**PROBLEM DESCRIPTION**
Quote the listing below in its entirety, omitting every image.

**GIVEN MATERIAL**
========================

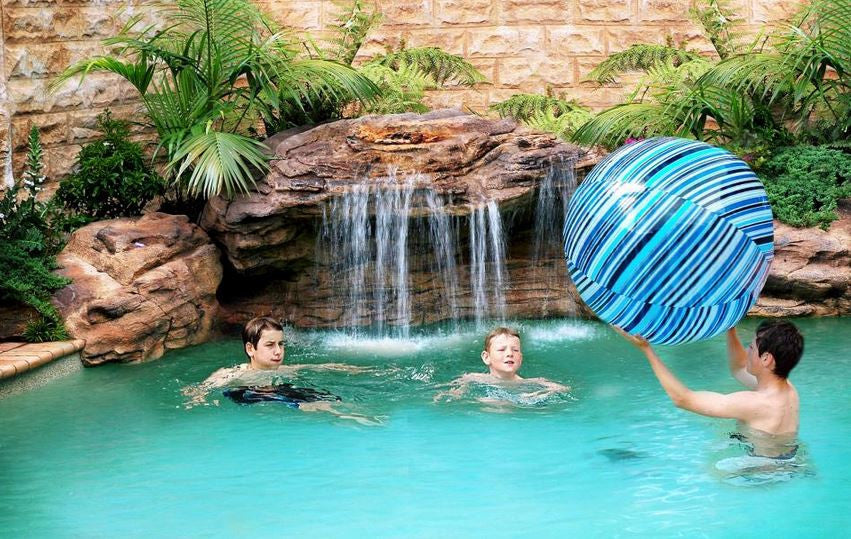 Photo of The Tahitian Waterfall - Swimming Pool Waterfall - PCAVE-003 by Universal Rocks - Marquis Gardens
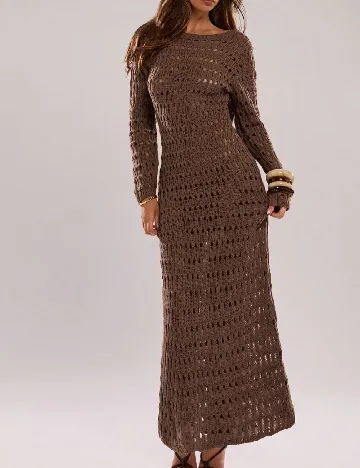 Rochie lunga SHEIN, maro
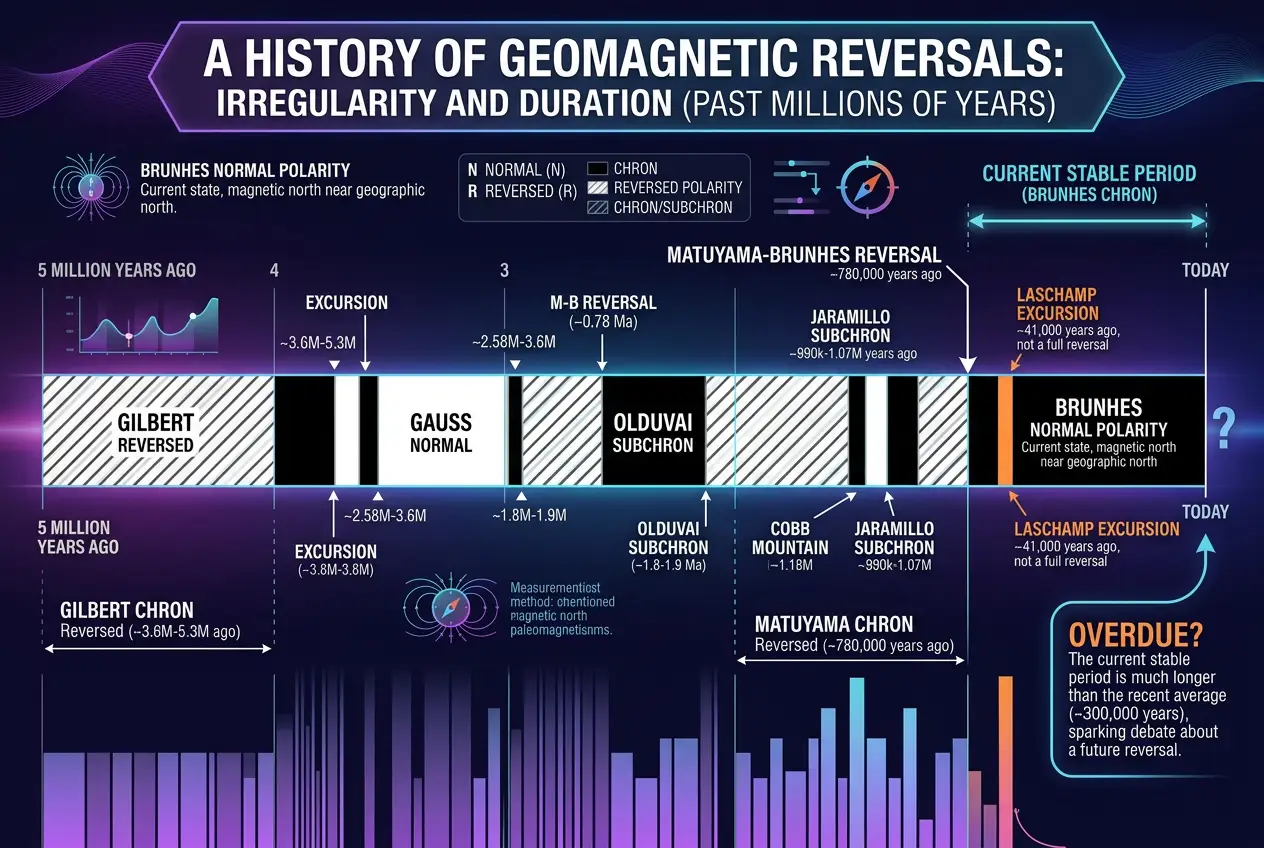 Visual explanation of Is Earth's Magnetic Field Flipping? Unpacking Geologic Reversals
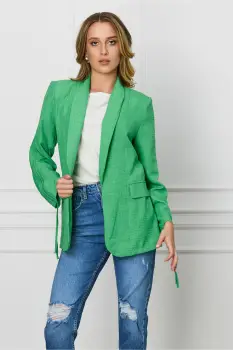Sacou LaDonna verde lejer imagine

========================

**TASK SOLUTION**
 Photo of The Tahitian Waterfall - Swimming Pool Waterfall - PCAVE-003 by Universal Rocks - Marquis Gardens
 Rochie lunga SHEIN, maro
 Visual explanation of Is Earth's Magnetic Field Flipping? Unpacking Geologic Reversals
Sacou LaDonna verde lejer imagine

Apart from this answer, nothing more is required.